Zack has sent me a book: The Encyclopedia Blazertannica, which is an alphabetic listing of subjects that, by and large, relate to things soccer. However, under the letter “Y” is this off-topic entry:

YIDDISH: No language does spite more creatively.

Two of the examples contained to illustrate the point.

“Ale tseyner zoln bay dir aroysfaln, nor eyner zol blaybn – af tseynveytok!”

 Or, in English, “May all your teeth fall out except for one – so you can get a toothache!”

And my personal favorite…

“Zol dayne fis vern farholtzzene dayne bokyh ful mit vaser un dayn kop gamakht fun gloz azey ayer fis farbent, vet ayer boykh zidn un dayn kop vet plastn!”

Or, in English, “May your feet be made of wood, your stomach be filled with water, and your head be made of glass so when your feet catch fire your stomach will boil and your head explode!”

Lest you guess otherwise, I never heard such horrible words from the lips of Mommie Soph, or my Mother!

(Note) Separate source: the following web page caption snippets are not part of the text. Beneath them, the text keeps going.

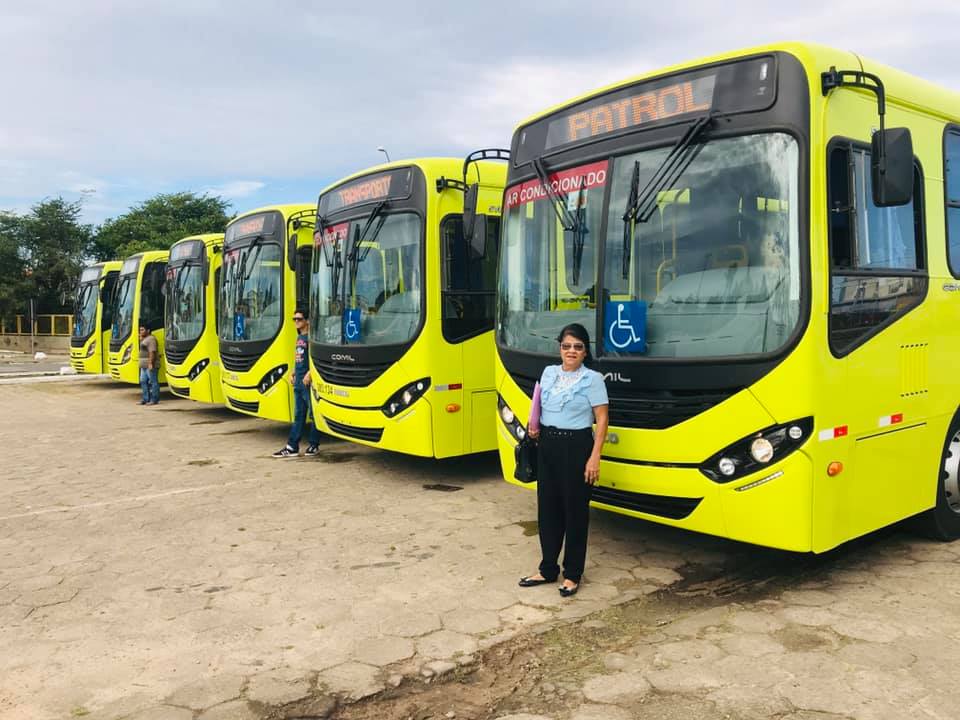 Foto de Vereadora Fátima Araújo participa da solenidade de entrega de ônibus coletivos em São Luís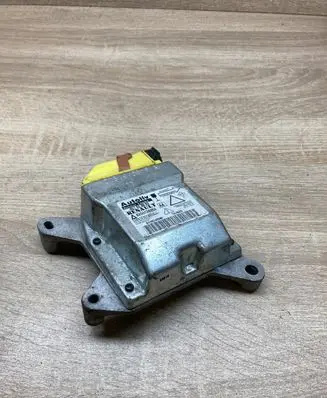 Renault Laguna II Airbag control unit/module 8200138952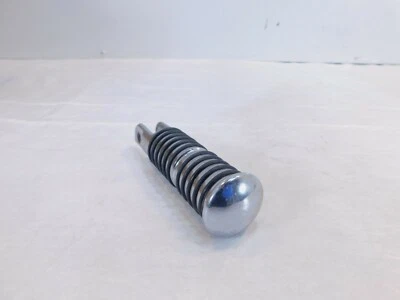 Reposapiés Victory Standard & Classic V92 Cruiser clavija de pasajero trasero derecho estribo Foto 1 de 4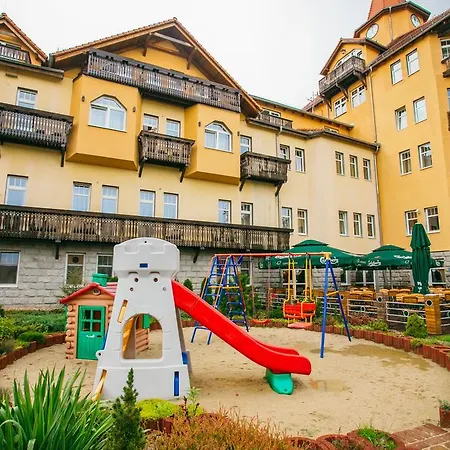 St Lukas Medical & 4* Свєрадув-Здруй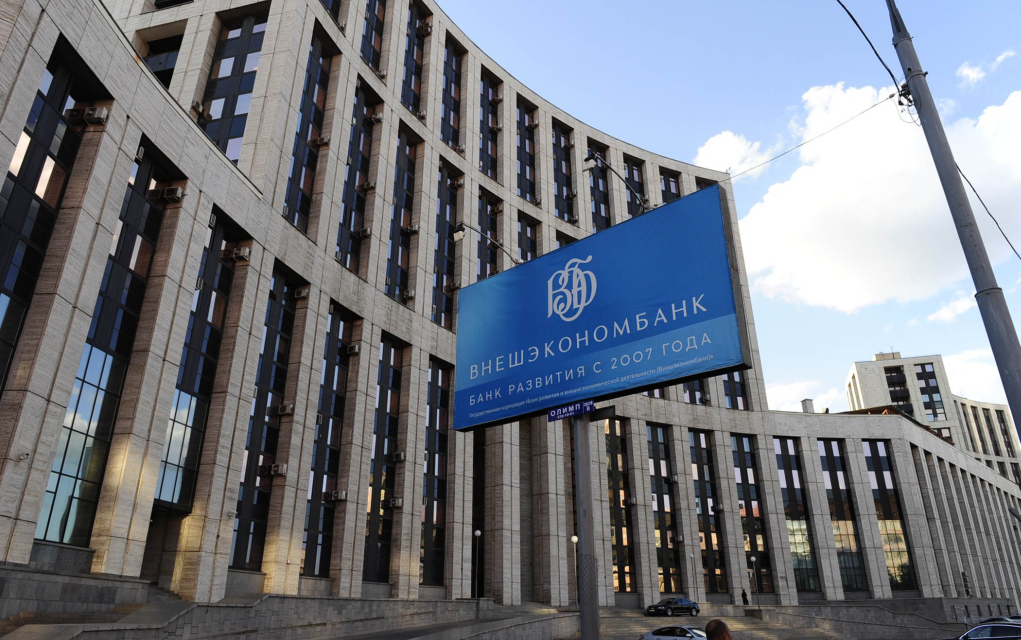 Προς απόλυση το 50% του προσωπικού της ρωσικής κρατικής τράπεζας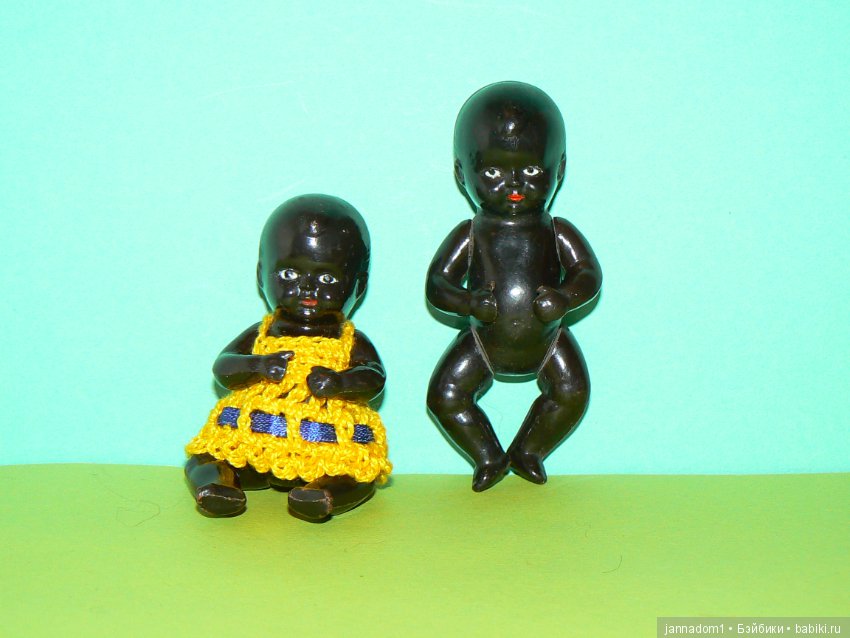 Немецкие пупсики Schildkrot из колкого пластика, высота 8 см (фото 2)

Yes, I know a few words and can get the gist of a couple of phrases.  And it shouldn’t come as a surprise that you know a few words, too!  English is a voracious language, gobbling up vocabulary from languages across the planet… including Yiddish.  Among the terms that have crept into our tongue… bagel, blintz, chutzpah, glitch, kibitz, klutz, lox, nebbish, nosh, schlep, schlock, shnook and tushie… all are derived from Yiddish/German that entered into this country via Ellis Island… just like my Grandmother did!

L’chayim!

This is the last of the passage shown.